If you can only buy one monitor, get a 27-inch or larger. Use the laptop screen as the secondary display.

One underrated option: a portable monitor. They’re $200-$400 and you can take them to coffee shops or co-working spaces. Not a replacement for a proper setup, but excellent as a travel companion.

Lighting Matters More Than You Think

Bad lighting causes eye strain, headaches, and fatigue. Good lighting is one of the cheapest office improvements you can make.

Natural light is ideal. Position your desk perpendicular to the window, not facing it (screen glare) or with your back to it (backlighting in video calls).

If natural light isn’t available, get a desk lamp with adjustable colour temperature. Cooler light (5000K+) for focus work during the day. Warmer light (3000K) for evenings.

Overhead ceiling lights alone aren’t enough. They create shadows and uneven lighting. A combination of ambient and task lighting works best.

Internet: The Non-Negotiable

If your home internet is unreliable, nothing else matters. You can work from a kitchen table with dodgy lighting if your internet is rock-solid. You can’t work from a $5,000 setup if your Zoom drops every fifteen minutes.

If you’re on NBN, make sure you’re on a plan that suits your usage. For video calls and cloud-based work, you want at least 50 Mbps down and 20 Mbps up. If you’re sharing the connection with housemates or family streaming video, go higher.

Use a wired ethernet connection for your computer if possible. Wi-Fi is convenient but wired is more reliable, especially for video calls.

The Keyboard and Mouse Nobody Talks About

Your laptop keyboard is fine for occasional use. For daily work, an external keyboard reduces wrist strain and lets you position your screen at the right height.
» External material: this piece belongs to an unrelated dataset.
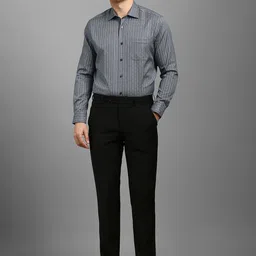 Louis Philippe Men Multi Striped Spread Collar Cotton Formal Shirt image 3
Mechanical keyboards are popular and genuinely more comfortable for heavy typists. But a basic Logitech wireless keyboard ($40-$60) is perfectly adequate.
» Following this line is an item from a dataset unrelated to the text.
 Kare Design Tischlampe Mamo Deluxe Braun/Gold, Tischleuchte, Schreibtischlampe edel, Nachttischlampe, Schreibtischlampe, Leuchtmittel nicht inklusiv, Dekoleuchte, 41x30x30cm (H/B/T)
Get a proper mouse. Trackpads work but they increase wrist strain over long periods. An ergonomic mouse takes a day to adjust to and your wrist will thank you.

Sound Management

If you’re in a noisy environment, noise-cancelling headphones are the single best investment after your chair. The Sony WH-1000XM5 or Apple AirPods Max are excellent. More affordable options like the Sony WH-1000XM4 (last generation) are often discounted and still great.

For calls, a dedicated USB microphone ($80-$150) sounds dramatically better than your laptop mic. Your colleagues will notice the difference. The Blue Yeti is the standard recommendation and it’s still good.

What You Don’t Need

A standing desk is nice to have but not essential. If you want to try standing, get a $50-$100 desk riser first before committing to a $600+ standing desk.

Multiple decorative plants. One is fine. A jungle is Instagram content, not productivity.

Cable management systems. Yes, a tidy desk is pleasant. No, spending three hours organising cables won’t make you work better.

A dedicated room. If you have one, great. If you don’t, a corner of a room with a visual boundary (a bookshelf, a screen divider) works. The key is having a space your brain associates with work, even if it’s small.

The Real Secret

The best home office is one where you can focus without physical discomfort. That’s it. A good chair, decent lighting, reliable internet, and minimal distractions.

Everything else is optimisation. Handle the fundamentals first. Add the extras later if you want to. But don’t let the pursuit of the perfect setup delay getting actual work done.